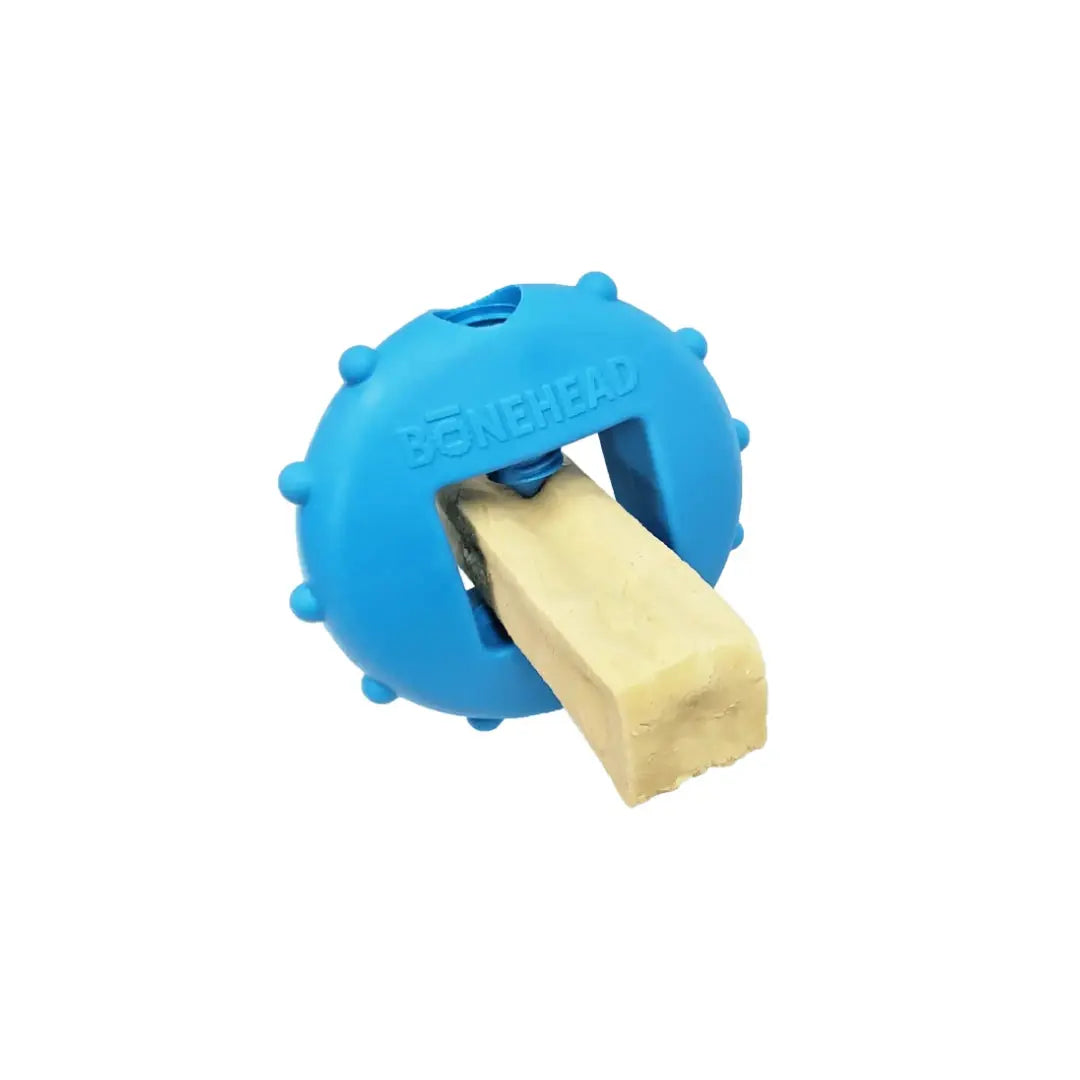 Himalayan Bonehead   | Canine & Co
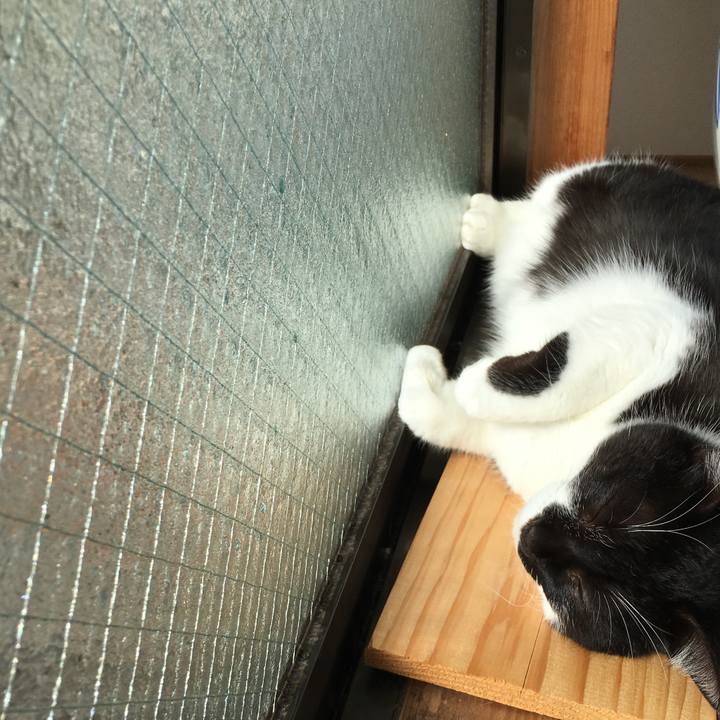 665e7aef bfa2 4e6c 8cf2 d1856d932ab1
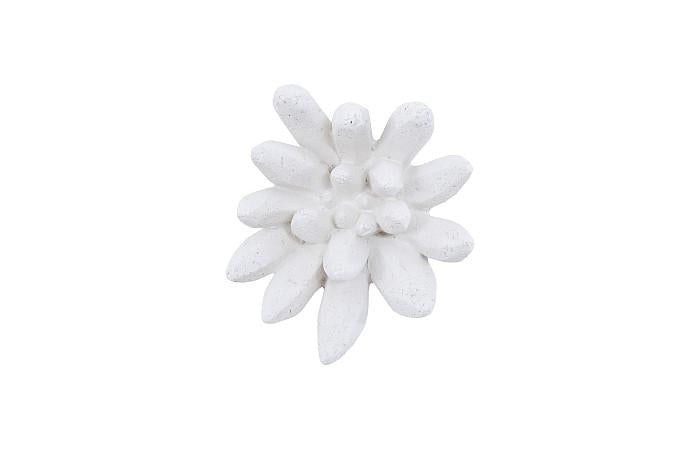 Compactum Succulent Wall Art, White Stone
* * *
What you need to do: In your answer, set down the full listing word for word and include no pictures.

Output of the task:
 Himalayan Bonehead   | Canine & Co
 665e7aef bfa2 4e6c 8cf2 d1856d932ab1
 Compactum Succulent Wall Art, White Stone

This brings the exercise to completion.